SUPPLIED RECORDS:
========================================

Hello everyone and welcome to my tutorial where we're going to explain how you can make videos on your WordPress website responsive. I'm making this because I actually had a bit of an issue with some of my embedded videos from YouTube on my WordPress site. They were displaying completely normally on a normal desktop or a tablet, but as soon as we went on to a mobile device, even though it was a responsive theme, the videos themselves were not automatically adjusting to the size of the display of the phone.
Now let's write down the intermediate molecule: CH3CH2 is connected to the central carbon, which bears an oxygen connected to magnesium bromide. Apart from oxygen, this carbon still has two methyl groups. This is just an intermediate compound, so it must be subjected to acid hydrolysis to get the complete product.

========================================

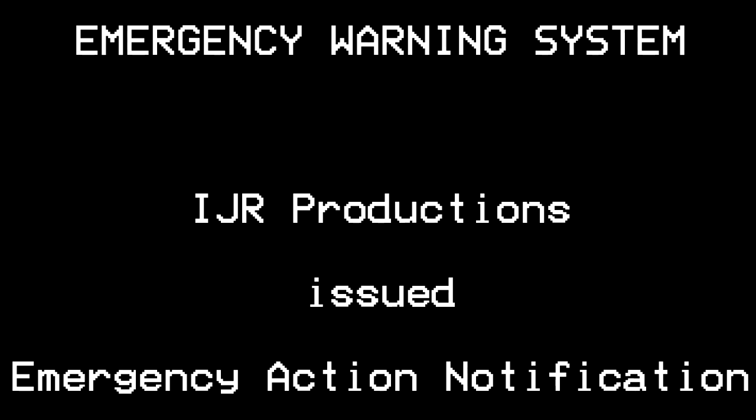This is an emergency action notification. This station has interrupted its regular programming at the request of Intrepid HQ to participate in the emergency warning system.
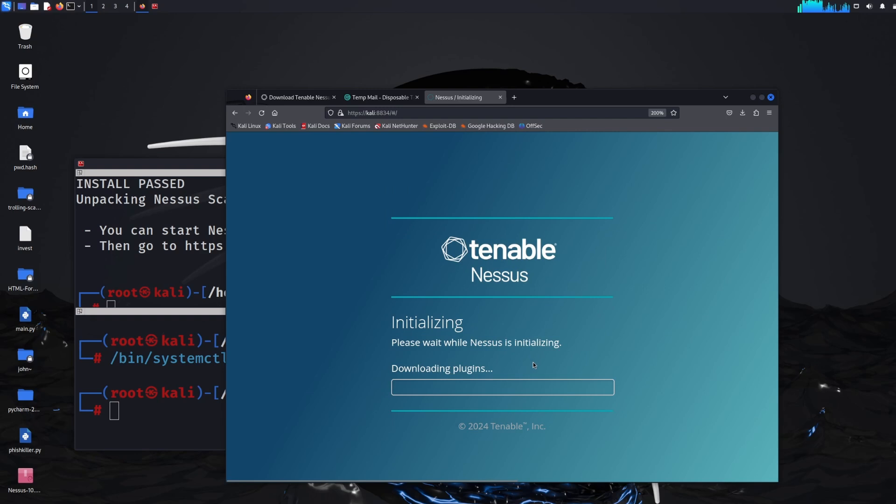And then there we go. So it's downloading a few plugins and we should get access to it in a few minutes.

========================================

PROBLEM DESCRIPTION: Among the entries above, find the line with "This is an emergency" and repeat exactly from there through the line with "And then there", leaving out the pictures.

ANSWER FOR THIS EXERCISE:
This is an emergency action notification. This station has interrupted its regular programming at the request of Intrepid HQ to participate in the emergency warning system.
And then there we go. So it's downloading a few plugins and we should get access to it in a few minutes.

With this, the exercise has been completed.